Imposible liberarse de la invasión de la lengua, esa materia laboriosamente aprehendida desde la infancia. Imposible comulgar con las cosas, porque las cosas no son sino las palabras con las que aprendimos a designarlas, cuando todavía no tenían un nombre. Se comulga con la lengua que nombra las cosas. Y solo con la lengua escrita, objetivada como un silencio nuevo, se alcanza a entrever, como un adiós o un éxtasis, el resplandor de lo que ya hemos visto.
Un Francis Bacon escrito por Pascal Quignard reivindica en una carta imaginaria la escritura, y no el silencio al que se entregó Lord Chandos al no poder decir cada cosa-en-sí. La escritura como contemplación estremecida y coalescencia.

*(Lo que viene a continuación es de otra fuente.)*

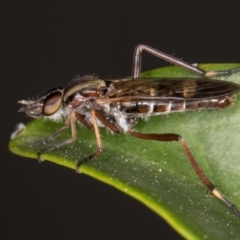 Ectinorhynchus sp. (genus) at Melba, ACT - 25 Oct 2021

Bendita llave ensangrentada de la escritura, que abre la puerta más allá del abismo y de la muerte, como la llave de un cuento de Charles Perrault. Llave que no se seca jamás.

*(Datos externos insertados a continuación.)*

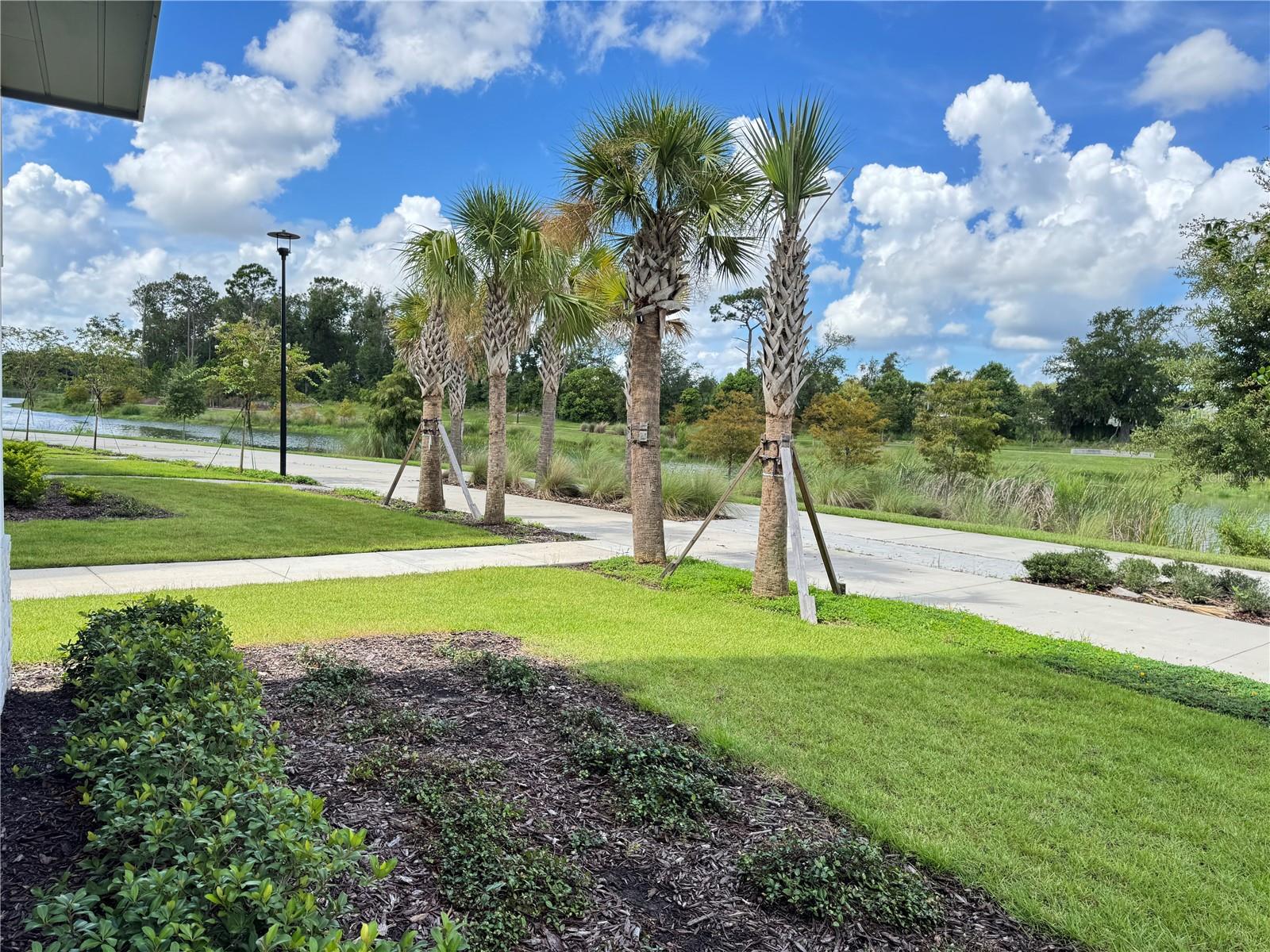 2362 Addalia Aly Property Photo 56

Pascal Quignard borda su carta desde la fisura entre el deseo y lo real, herida que se reabre, desgarramiento. El hilo con el que borda y une a dos exiliados del mundo, Emily Brontë y Georg Händel, dos confinados por propia voluntad. Retirados para revivir, para recuperar el asombro primordial con la escritura como tercera mano. No nos han sido dadas dos manos sino tres. Y es la tercera la que palpa la noche, del otro lado de la desesperación y la impotencia. Del otro lado no hay silencio. Hay sustancia sonora y animal, gritos y lágrimas de recién nacido.